Thanks and agree with you.
Low priority task should do more shrink if the high priority task is ignored.

Best,
Hui

> 
>>                shrink_lruvec(lruvec, sc);
>> 
>>                shrink_slab(sc->gfp_mask, pgdat->node_id, memcg,
>>                            sc->priority);
>> 
>> +               if (is_global_shrink &&
>> +                       memcg->global_shrink_priority != DEF_PRIORITY)
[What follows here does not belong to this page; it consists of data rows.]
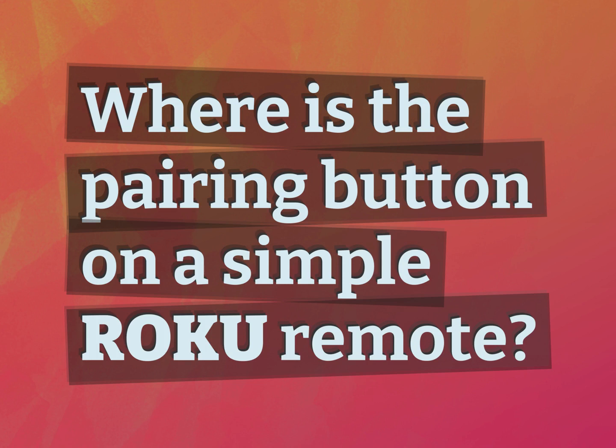Where is the pairing button on a simple Roku remote? Accept the answers from us.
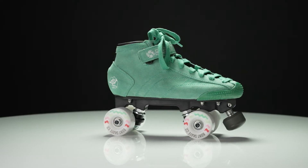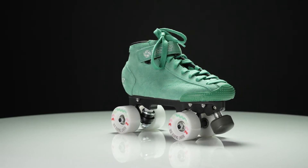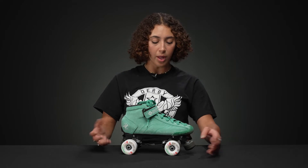This is a full skate. Right now, it's set up as a recreational skate, but you can use this for derby, you can use this for park skating, even. This is a very strong skate, so it can really be used for whatever you want to customize it to. But right now, it does have some soft outdoor wheels. So let's get into it.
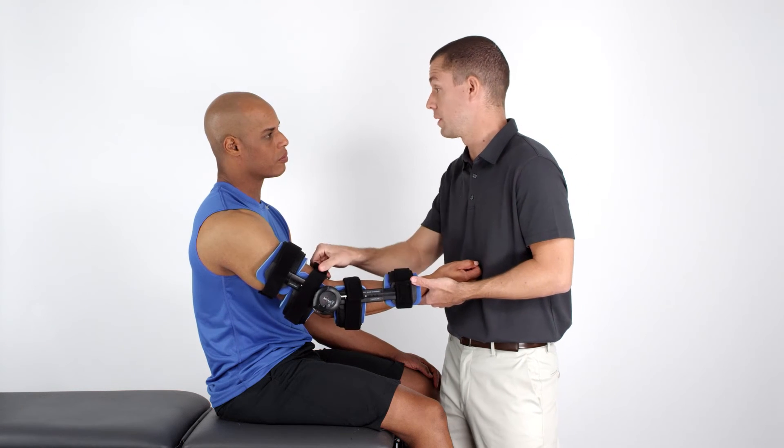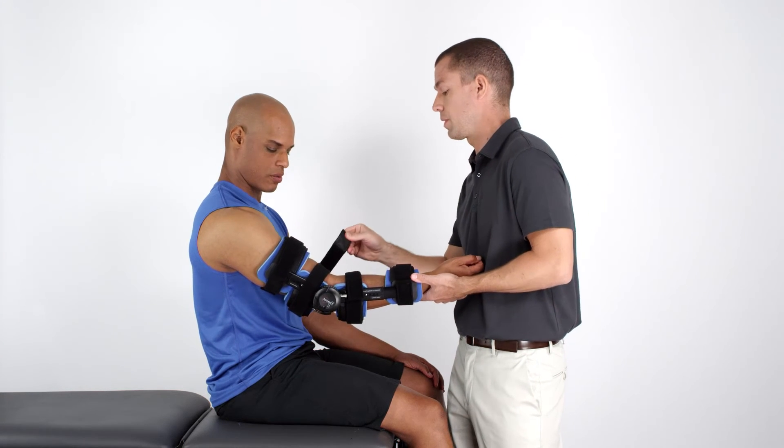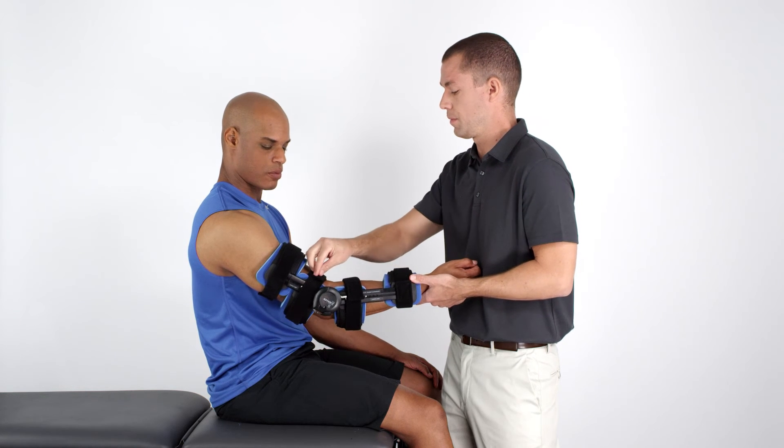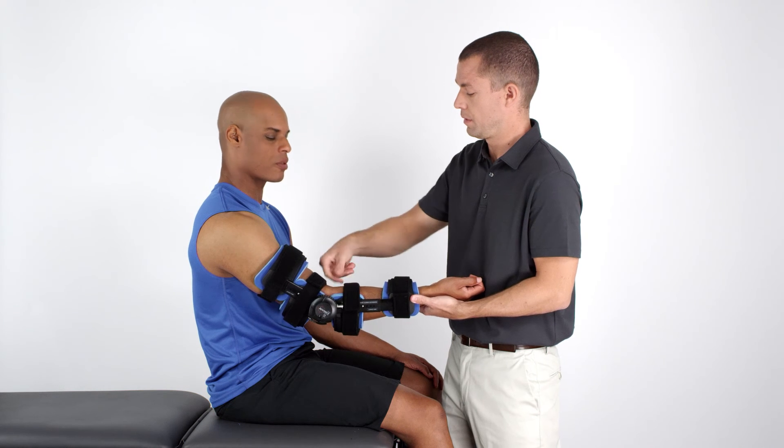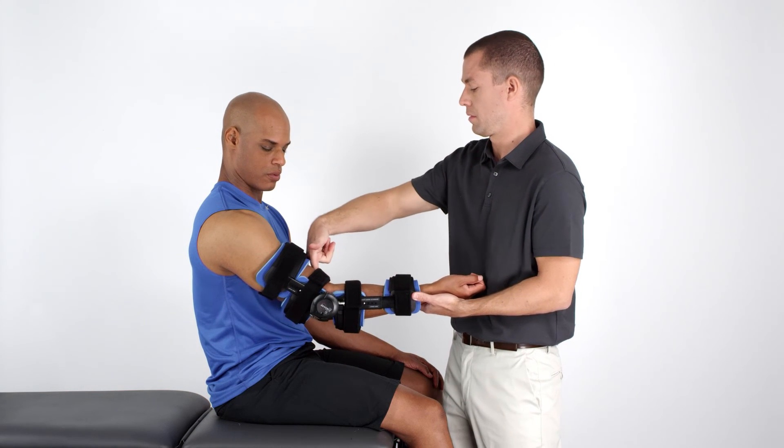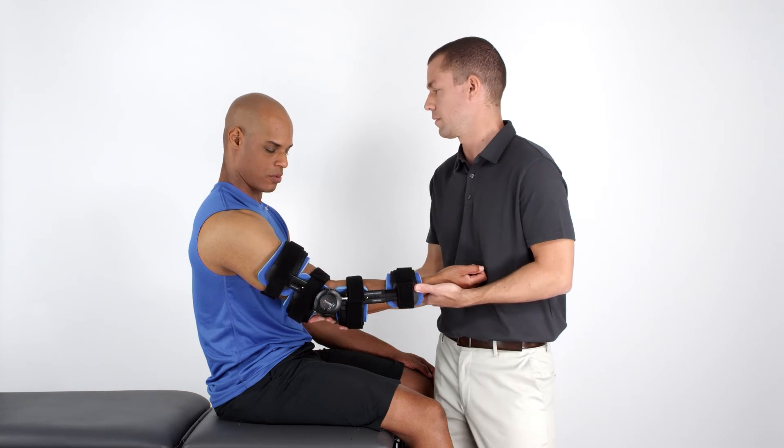These straps can be attached loosely, since their purpose is to keep the stabilizing bars in place. However, the middle straps should be snug enough to allow one finger to be inserted between the strap and the skin.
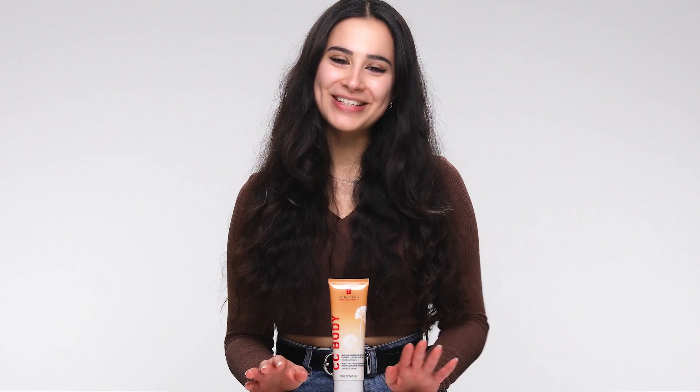I'm Melissa and I'm a copywriter here at Essential, and I've been reviewing the CC Body Cream by Eborian. It's a tinted body moisturizer that smooths over any imperfections and gives you an airbrushed look.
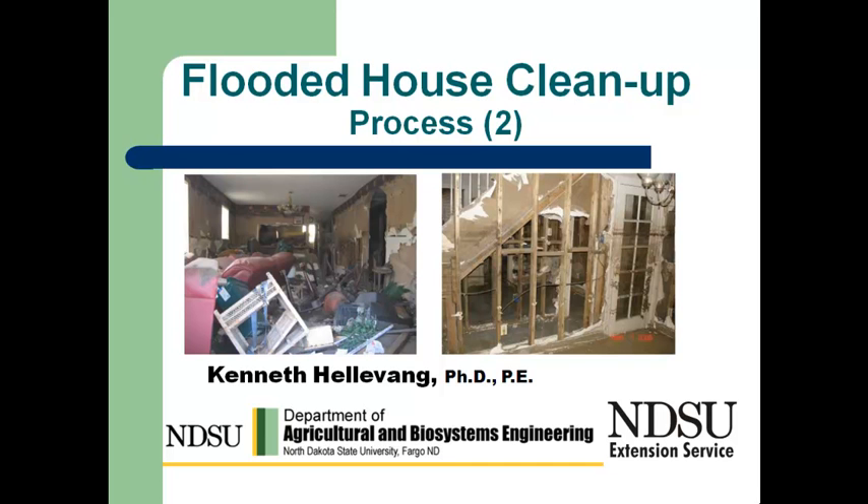This is Ken Hellevang, Agricultural Engineer with the NDSU Extension Service. This is the next segment of the Flooded House Cleanup Series. In this one we're going to be continuing some more looking at the actual cleanup process, some of the washing and sanitizing aspects.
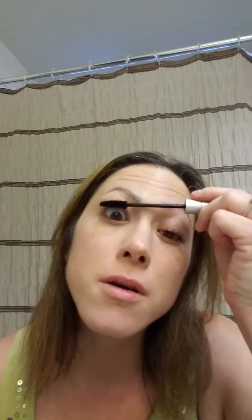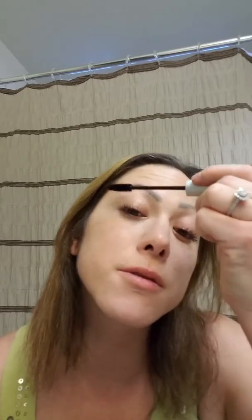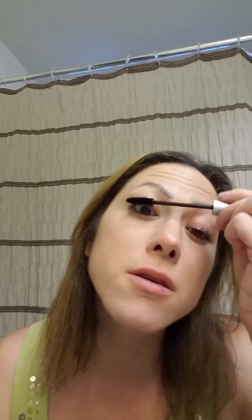I'm literally just doing a touch-up, which technically you do not have to do. I'm just doing it for the fun of it.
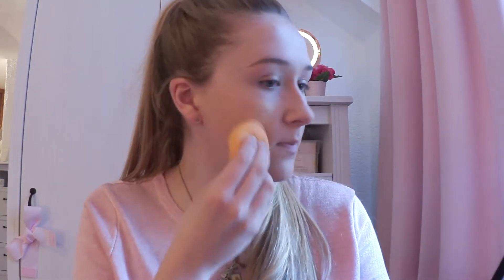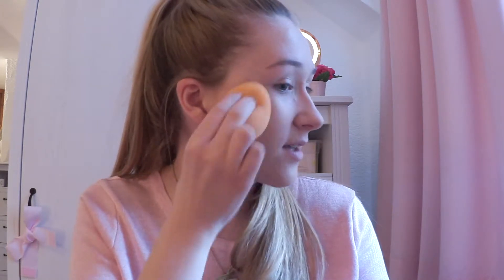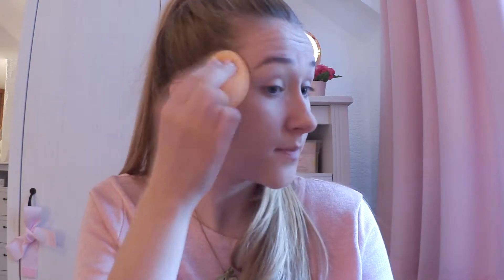Starting off with my foundation and I'm going to put it on with my sponge because I feel like I can blend quicker with this. I chose the L'Oreal Trimatch foundation because it's very easy to blend.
>> +                       sc->priority -= DEF_PRIORITY
>> +                                       - memcg->global_shrink_priority;
>> +
>>                /* Record the group's reclaim efficiency */
>>                vmpressure(sc->gfp_mask, memcg, false,
>>                           sc->nr_scanned - scanned,
>> @@ -3395,11 +3421,18 @@ static void age_active_anon(struct pglist_data *pgdat,
>> 
>>        memcg = mem_cgroup_iter(NULL, NULL, NULL);
>>        do {
>> +               if (memcg->global_shrink_priority < sc->priority)
>> +                       continue;
>> +
>>                lruvec = mem_cgroup_lruvec(memcg, pgdat);
>> +               /*
>> +                * Not set sc->priority according even if this is
>> +                * a global shrink because nr_to_scan is set to
>> +                * SWAP_CLUSTER_MAX and there is not other part use it.
>> +                */
>>                shrink_active_list(SWAP_CLUSTER_MAX, lruvec,
>>                                   sc, LRU_ACTIVE_ANON);
>> -               memcg = mem_cgroup_iter(NULL, memcg, NULL);
>> -       } while (memcg);
>> +       } while ((memcg = mem_cgroup_iter(NULL, memcg, NULL)));
>> }
>> 
>> static bool pgdat_watermark_boosted(pg_data_t *pgdat, int classzone_idx)
>> --
>> 2.7.4